The acceleration of a particle is given by ${\mathbf{a}}_x\left(\mathbf{t}\right)=-\mathbf{2}.\mathbf{00}\mathbf{m}/{\mathbf{s}}^2+(\mathbf{3}.\mathbf{00}\mathbf{m}/{\mathbf{s}}^3)\mathbf{t}$. (a) Find the initial velocity${\mathbf{v}}_{0x}$such that the particle will have the same x-coordinate at$\mathbf{t}=\mathbf{4}.\mathbf{00}\mathbf{s}$as it had at$\mathbf{t}\mathbf{=}\mathbf{0}$. (b) What will be the velocity at$\mathbf{t}=\mathbf{4}.\mathbf{00}\mathbf{s}$?

The given data can be listed below as,

• The particle will have the same x-coordinate at $\mathrm{t}=4.00\text{\hspace{0.17em}s}$.
• The particle will have the same x-coordinate at $\mathrm{t}=0$.

This law states that a particular object will continue to move in a uniform motion unless it is resisted by an external force.

Double integrating the equation of acceleration gives the equation of the displacement that gives the initial velocity of the particle.
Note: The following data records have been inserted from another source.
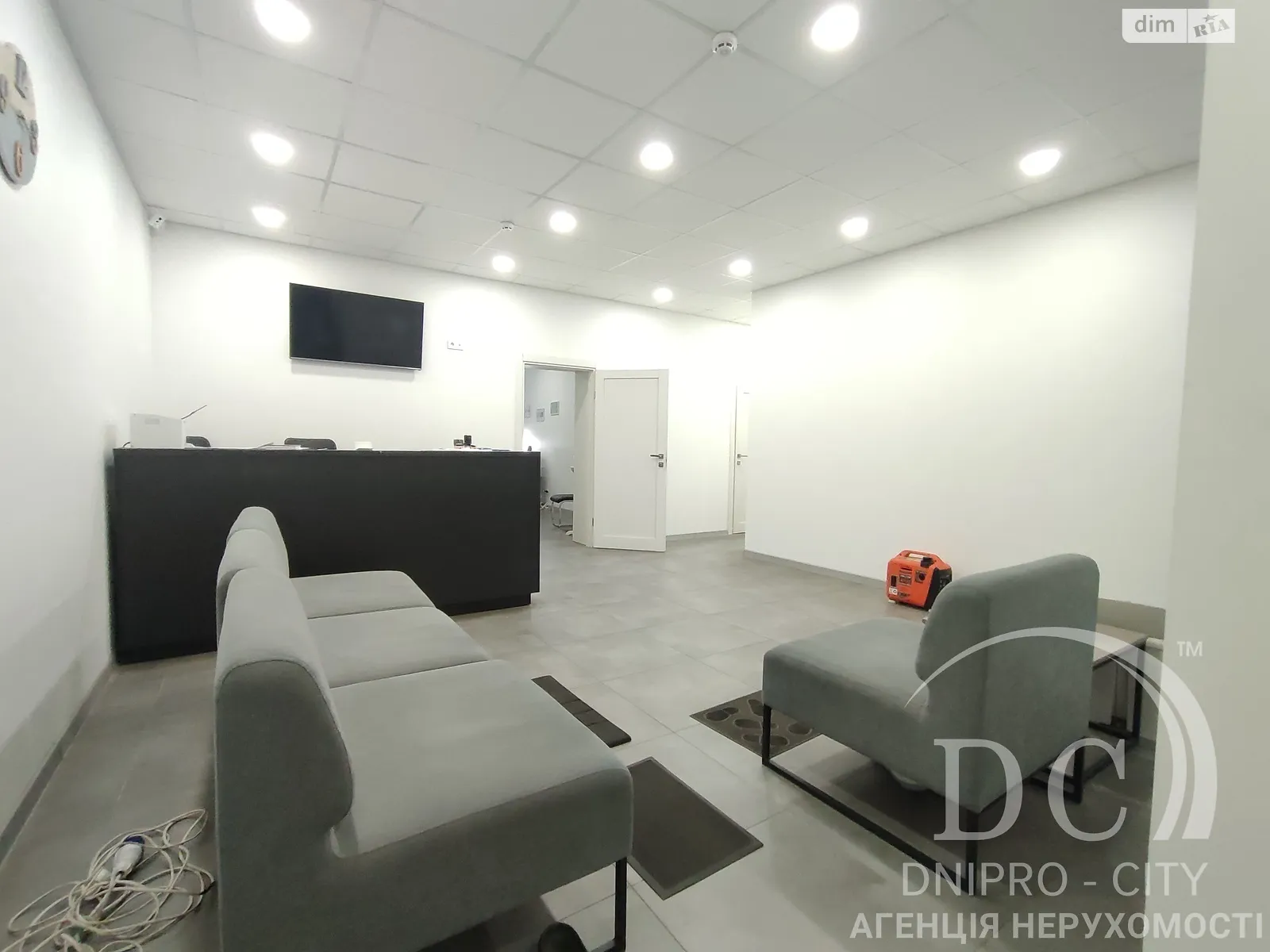 Продается объект сферы услуг 121.9 кв. м в 2-этажном здании, цена: 175000 $ - фото 1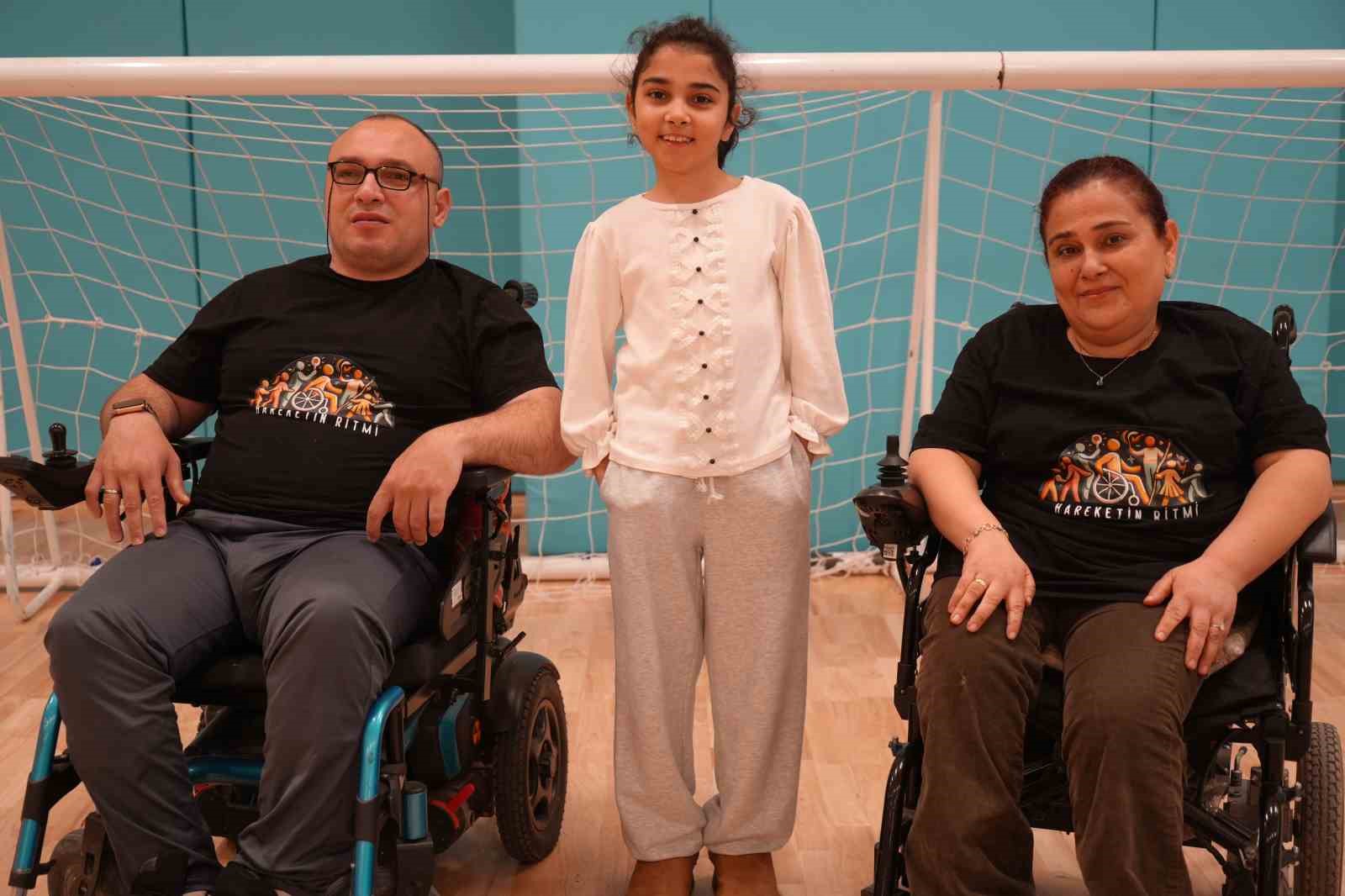 "Engellisiniz" diyenleri evlenerek, "yapamazsınız" diyenleri zeybek oynayarak susturdular
"Engellisiniz" diyenleri evlenerek, "yapamazsınız" diyenleri zeybek oynayarak susturdular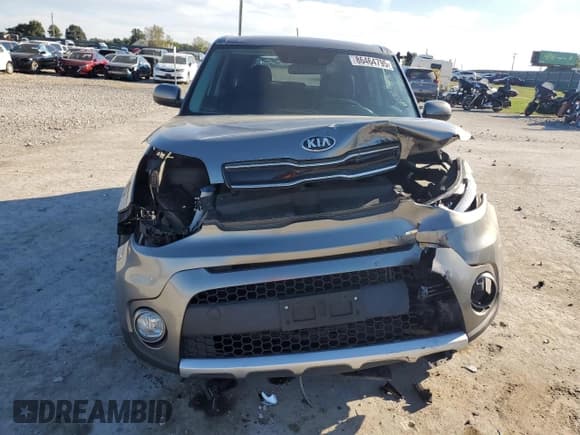 ✅ 2018 Kia Soul + • VIN: KNDJP3A50J7539304 • Лот: 86464795. Опубликован ранее на Copart с пробегом 128 581 миль. Бесплатный доступ к архиву аукционных продаж из США и подробный отчёт об истории автомобиля на DreamBid. Изображение 5.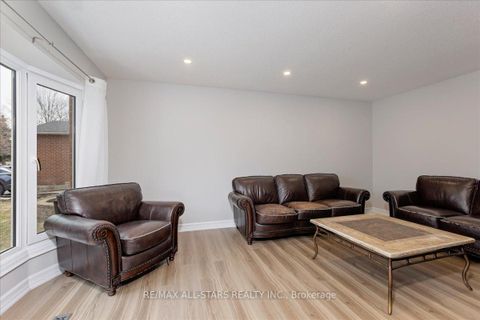 Photo 4 at 40 Chartwell Crescent, Keswick North, Georgina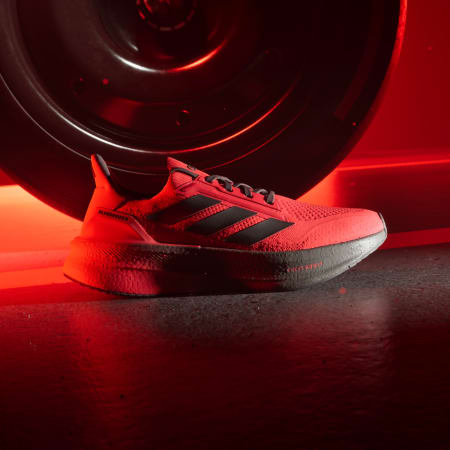 ULTRABOOST 5 AUDI F1 TEAM Shoes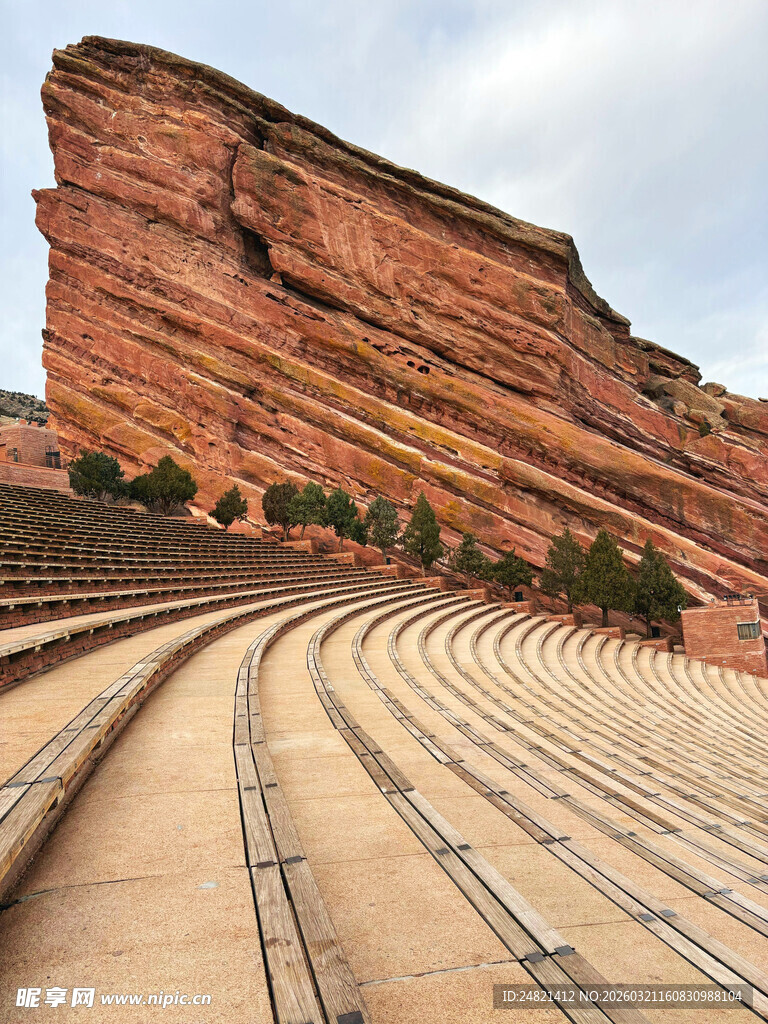 红岩露天剧场壮观景象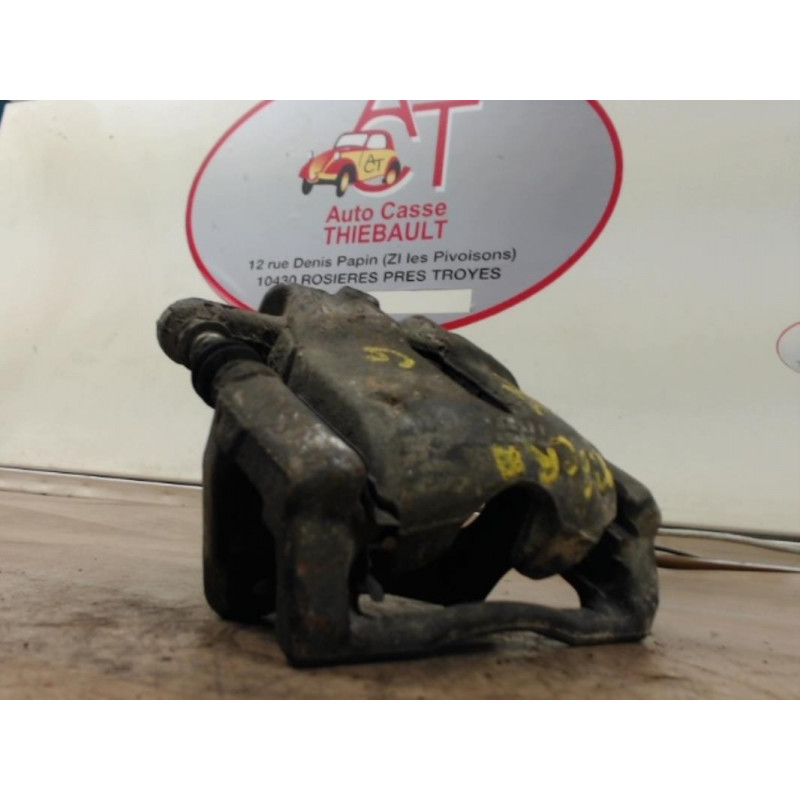 Etrier avant gauche (freinage) NISSAN  d’occasion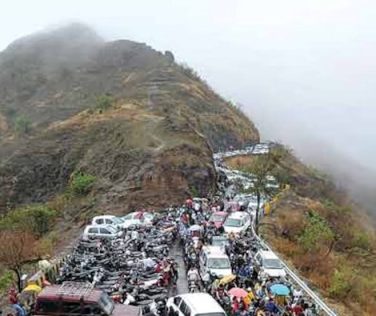 SINHAGAD FORT TRAFFIC NEWS: 1988 चे कलम 115 तसेच शासन गृह विभागाच्या 19 मे 1990 च्या अधिसूचनेनुसार जिल्हाधिकारी तथा जिल्हादंडाधिकारी जितेंद्र डूडी यांनी 19 नोव्हेंबर 2025 रोजी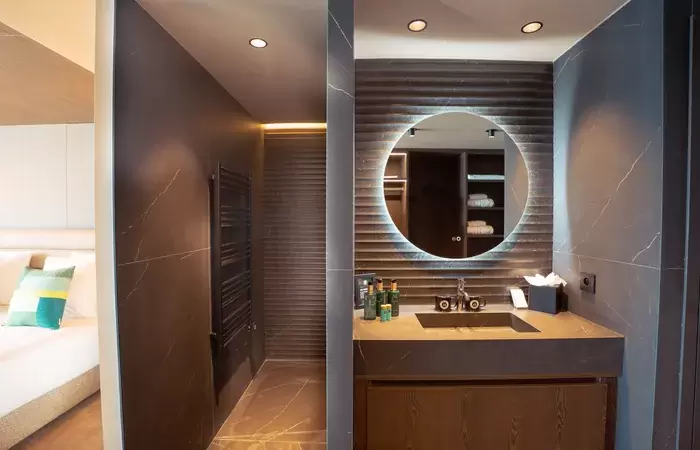 Bathroom with washbasin and backlit round mirror at Fahrenheit Seven Les Menuires
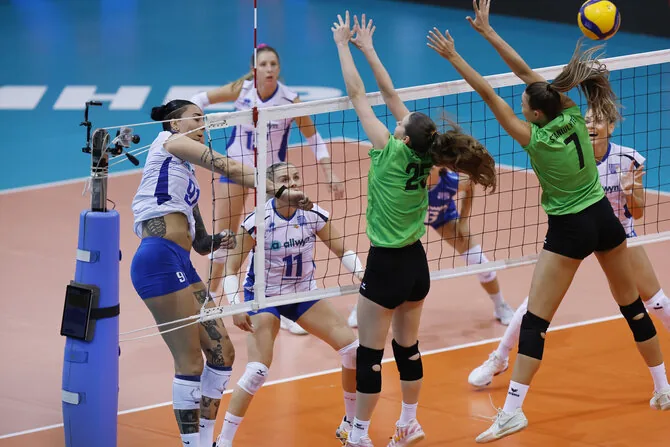 CEV photo/Lithuanian women's volleyball team lost to Greece in their debut European League match.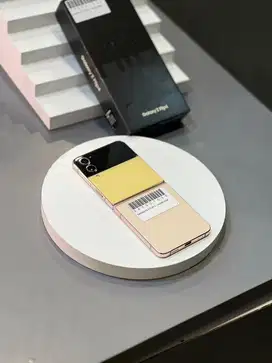 Second Samsung Zflip 4 256gb Pinkgold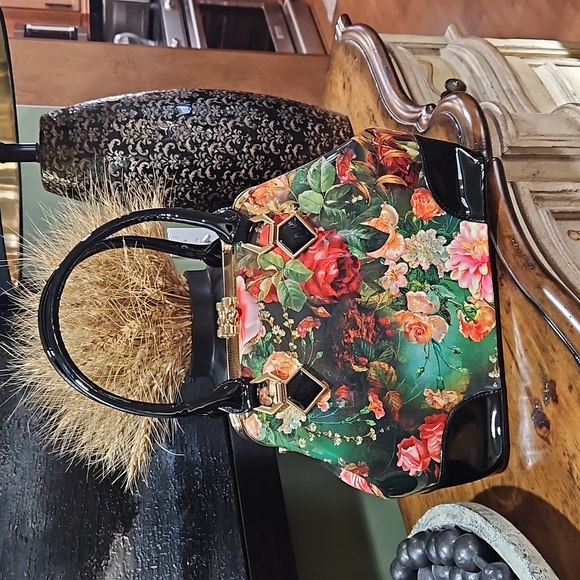 Vintage Glam patent handbag NWOT - Picture 2 of 9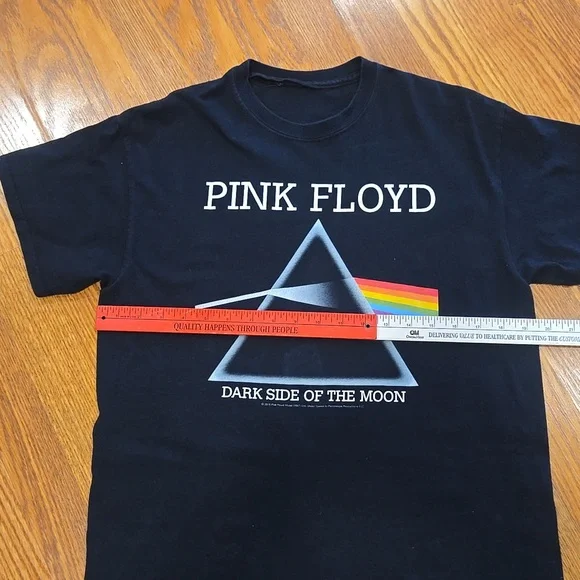 Pink Floyd Dark Side of the Moon Black T-Shirt - Picture 8 of 8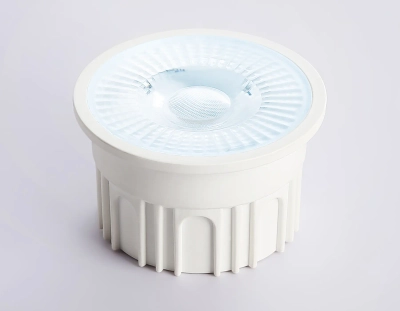 Лампа светодиодная 212203 Лампа LED MR16-PR 9W IC 6400K 220-240V 38°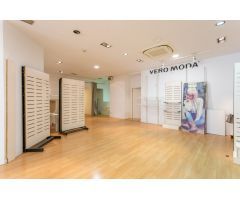 LOCAL MUY CENTRICO CON MUCHO PASO,PARA SUPERMERCADO,DELEGACION,GIMNASIO,SEGUROS,ETC..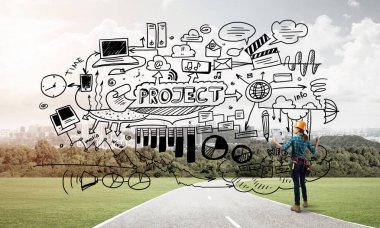 Açık havada mühendis kadının arka planı ve ekrana konsept çizimi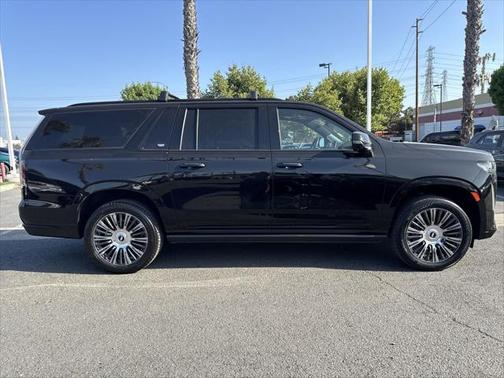 2022 Cadillac Escalade ESV Sport Platinum
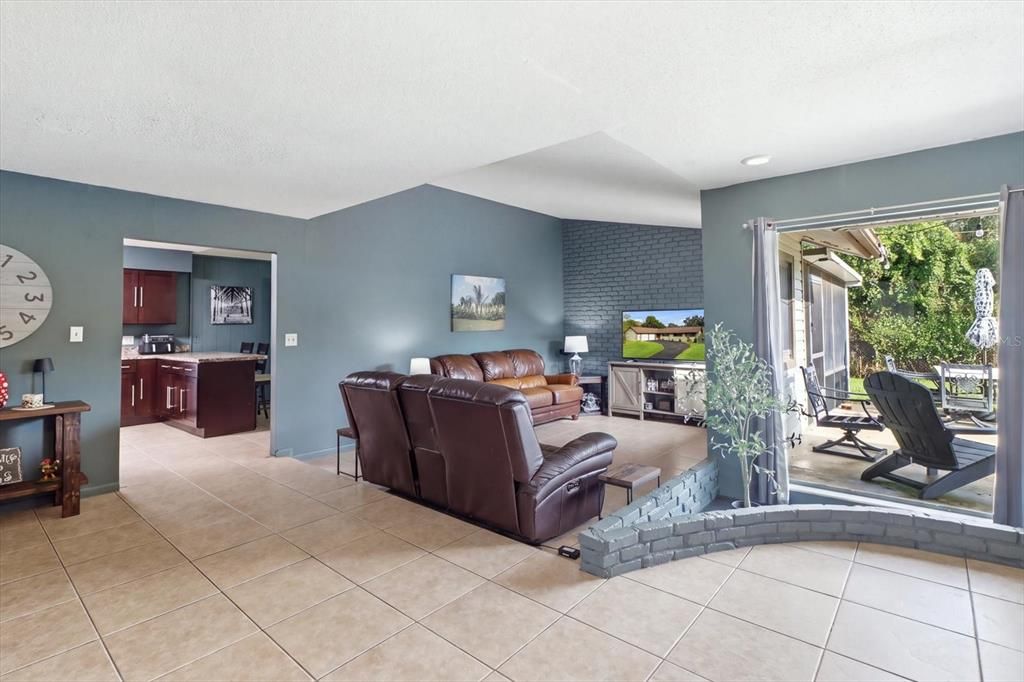 For Sale: $294,900 (3 beds, 2 baths, 1712 Square Feet)
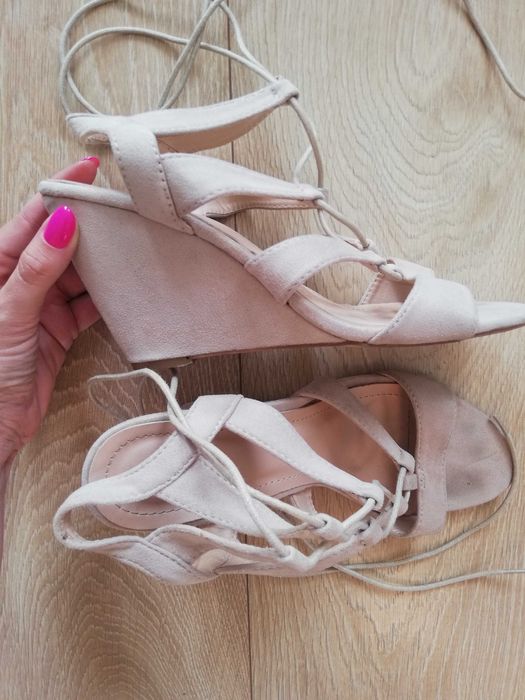 Beżowe zamszowe sandały na koturnie wiązane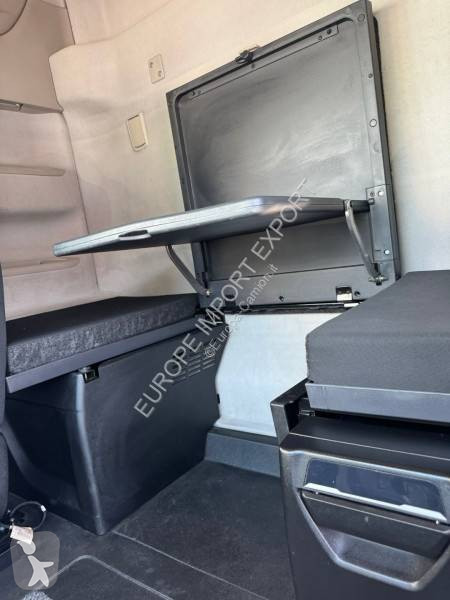 جرار Iveco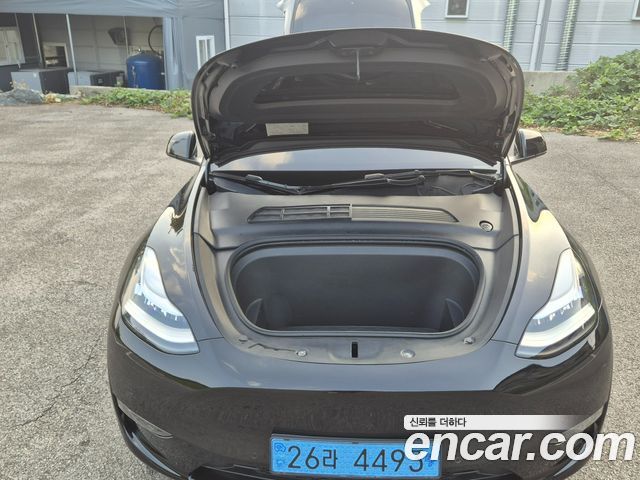 Tesla Model Y Long Range AWD 2021 — фото 6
Moreover, the equation of velocity also gives the velocity of the particle.

The given equation can be expressed as:

${\mathrm{a}}_{\mathrm{x}}\left(\mathrm{t}\right)=-2.00{\text{\hspace{0.17em}m/s}}^{\text{2}}\text{+}\left({\text{3.00\hspace{0.17em}m/s}}^{\text{3}}\right)\mathrm{t}$ … i)

We know that, $\mathrm{a}=\frac{\mathrm{dv}}{\mathrm{dt}}$

Hence, using this, the equation i) can be written as:

$\begin{array}{c}\int \mathrm{dv}=\int \mathrm{a}.\mathrm{dt}\\ \mathrm{v}=\int (-2+3\mathrm{t})\mathrm{dt}\\ \mathrm{v}=-2\mathrm{t}+\frac{3{\mathrm{t}}^2}{2}+{\mathrm{v}}_0\\ \mathrm{v}=-2\mathrm{t}+1.5{\mathrm{t}}^2+{\mathrm{v}}_0\end{array}$

Here,${\mathrm{v}}_0$is the initial velocity.

We also know that, $\mathrm{v}=\frac{\mathrm{ds}}{\mathrm{dt}}$

Hence, using this, the equation i) can be written as:

$\begin{array}{c}\int \mathrm{ds}=\int \mathrm{v}.\mathrm{dt}\\ \mathrm{s}=\int (-2\mathrm{t}+1.5{\mathrm{t}}^2+{\mathrm{v}}_0)\mathrm{dt}\\ \mathrm{s}=\frac{-2{\mathrm{t}}^2}{2}+\frac{1.5{\mathrm{t}}^3}{3}+{\mathrm{v}}_0\mathrm{t}+{\mathrm{x}}_0\\ \mathrm{s}=-{\mathrm{t}}^2+0.5{\mathrm{t}}^3+{\mathrm{v}}_0\mathrm{t}+{\mathrm{x}}_0\end{array}$

Here, ${\mathrm{x}}_0$is the initial displacement.

a)

According to the question, the equation of displacement at $\mathrm{t}=4.00\text{\hspace{0.17em}s}$and $\mathrm{t}=0\text{\hspace{0.17em}s}$is equal.

Hence, the equation of displacement at $\mathrm{t}=0\text{\hspace{0.17em}s}$is-

${\mathrm{s}}_{\mathrm{at}\mathrm{t}=0}={\mathrm{x}}_0$… ii)

Hence, the equation of displacement at is-

${\mathrm{s}}_{\mathrm{at}\mathrm{t}=4.00\mathrm{s}}=16+4{\mathrm{v}}_0+{\mathrm{x}}_0$… iii)

Equating the equation ii) and iii), we get-

$\begin{array}{l}{\mathrm{x}}_0=16+4{\mathrm{v}}_0+{\mathrm{x}}_0\\ {\mathrm{v}}_0=-4\text{\hspace{0.17em}m/s}\end{array}$

Thus, the initial velocity of the particle is $-4\text{\hspace{0.17em}m/s}$.

b)

Using the equation of velocity, the velocity at $\mathrm{t}=4.00\text{\hspace{0.17em}s}$is expressed as:

$\begin{array}{c}\mathrm{v}=-2\mathrm{t}+1.5{\mathrm{t}}^2+{\mathrm{v}}_0\\ \mathrm{v}=-8+24-4\\ \mathrm{v}=12\text{\hspace{0.17em}m/s}\end{array}$

Thus, the velocity at $\mathrm{t}=4.00\text{\hspace{0.17em}s}$is $12\text{\hspace{0.17em}m/s}$.